According to Perceive Beating monitoring, Tencent Hyaline and SSV Digital Culture Lab, in collaboration with institutes such as the CAS Institute of Information Engineering, have officially launched the first ancient character perception evaluation benchmark covering the "Seven Transformations" called Chronicles-OCR. This benchmark contains 2,800 images cross-annotated by experts, quantifying for the first time the recognition difficulty of seven fonts from Oracle Bone Script to Cursive Script.
The research team evaluated 28 mainstream multimodal large language models, and the results show that they were almost entirely defeated when dealing with ancient fonts. In the cross-era character detection task, the core metrics of GPT-5 and Gemini 2.5 Pro approached 0, with the best-performing model reaching only 16.5. Even when directly drawing boxes on the image to skip the localization step, the highest accuracy was only 27.1%, with Gemini 3.1 Pro achieving an accuracy of only 14.0% on Oracle Bone Script.
This confirms that modern models heavily rely on the structured priors of modern layouts. Faced with ancient physical media that is unconstrained and highly noisy, the model's text segmentation mechanism fails outright. The font classification results further indicate that the models often recognize the carrier texture (such as turtle shell or bronze rust) rather than the actual character strokes.
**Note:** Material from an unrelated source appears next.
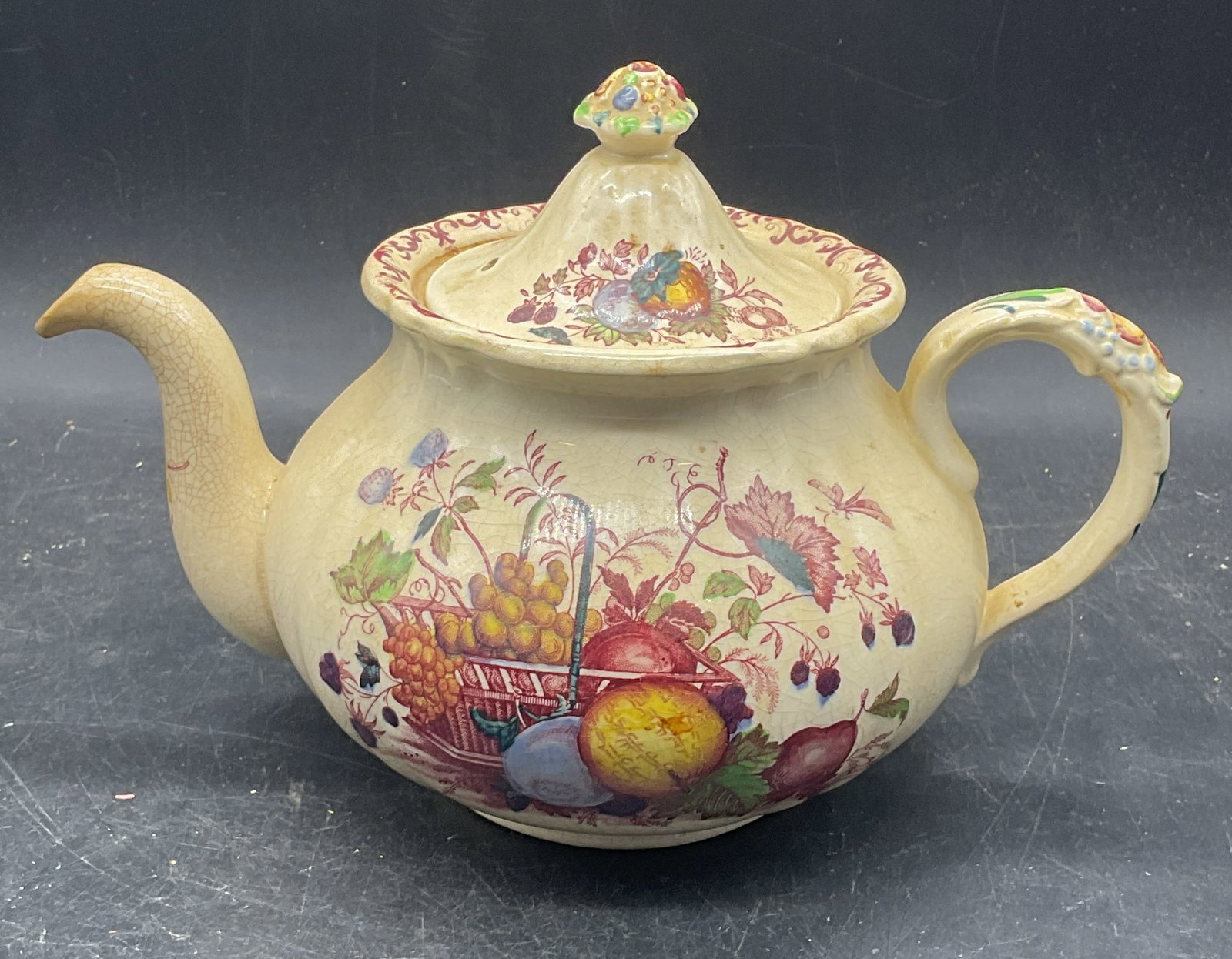 Vintage Masons Ironstone Fruit Teapot England: Vintage Masons ironstone teapot. Fruit basket pattern. Made in England. Measures approx. 9 x 5.5 x 6 inches. Wear including crazing and scratching, small chip. Masons teapot, ironstone teapot, fruit t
The experiment also revealed a counterintuitive phenomenon: engaging in thought mode actually results in a decrease in ancient character recognition rates. A comparison shows that almost all models supporting this mode exhibit degraded performance when thought mode is activated. When the underlying visual perception is absent, the chain of thought not only fails to correct errors but instead becomes an illusion amplifier, outputting highly confident incorrect answers.